I am working on methylation data and I want to use WGCNA on them. The data are the beta values of 400K CpG probes and ~30 samples which were transformed by log2(beta+1) (The data then have a nice scale-free topology profile when the soft threshold is calculated, I think it is a good sign? ). So, if someone already use WGCNA for this kind of data, I would have some questions: Firstly, are my data properly normalized? And secondly, how can I choose the maximal number of blocks for the blockWiseModule function ? I have access to a cluster, can I deduct the maxBlockSize when I know the available RAM?

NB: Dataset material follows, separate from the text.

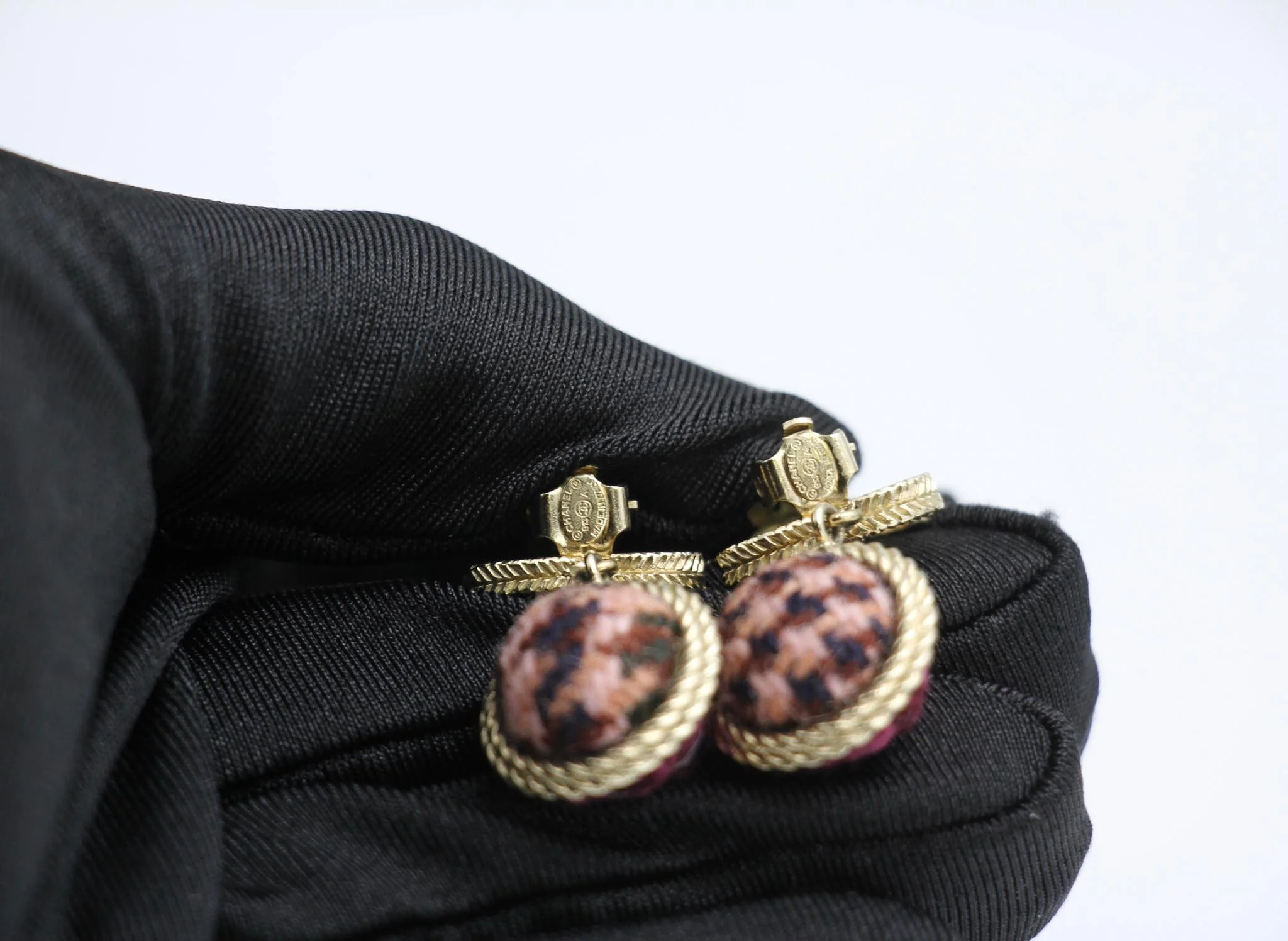 Chanel 13A Fabric Purple Bob Earrings - Image 6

I have done a few WGCNA analyses on Illumina 450k methylation data. I used beta values and filtered the data down to about 300k most variant probes. I haven't thought deeply about which transformation is best for methylation data but using beta values worked fairly well. I would not use a log2(beta +1) transformation since it will exaggerate differences in CpGs with low methylation; this transformation is useful for count data.
maxBlockSize indeed depends mainly on available RAM. I would say you should be able to use maxBlockSize around 30k if you have 64GB of RAM, perhaps even 32GB. Increase the maxBlockSize by a factor of 1.4 for every doubling of RAM; with 256GB you should be able to use block size of ~60k, 1TB would let you use ~120k etc. You can play with the block sizes to some degree; in my experience the actual maximum block size usable on a system depends also on how the system is configured, how much swap space there is etc.
Thanks a lot for your quick reply and your great job on WGCNA !
After several tests, I used a maxBlockSize of 60K with 128GB of RAM with the beta values. It worked out fine :)
Enora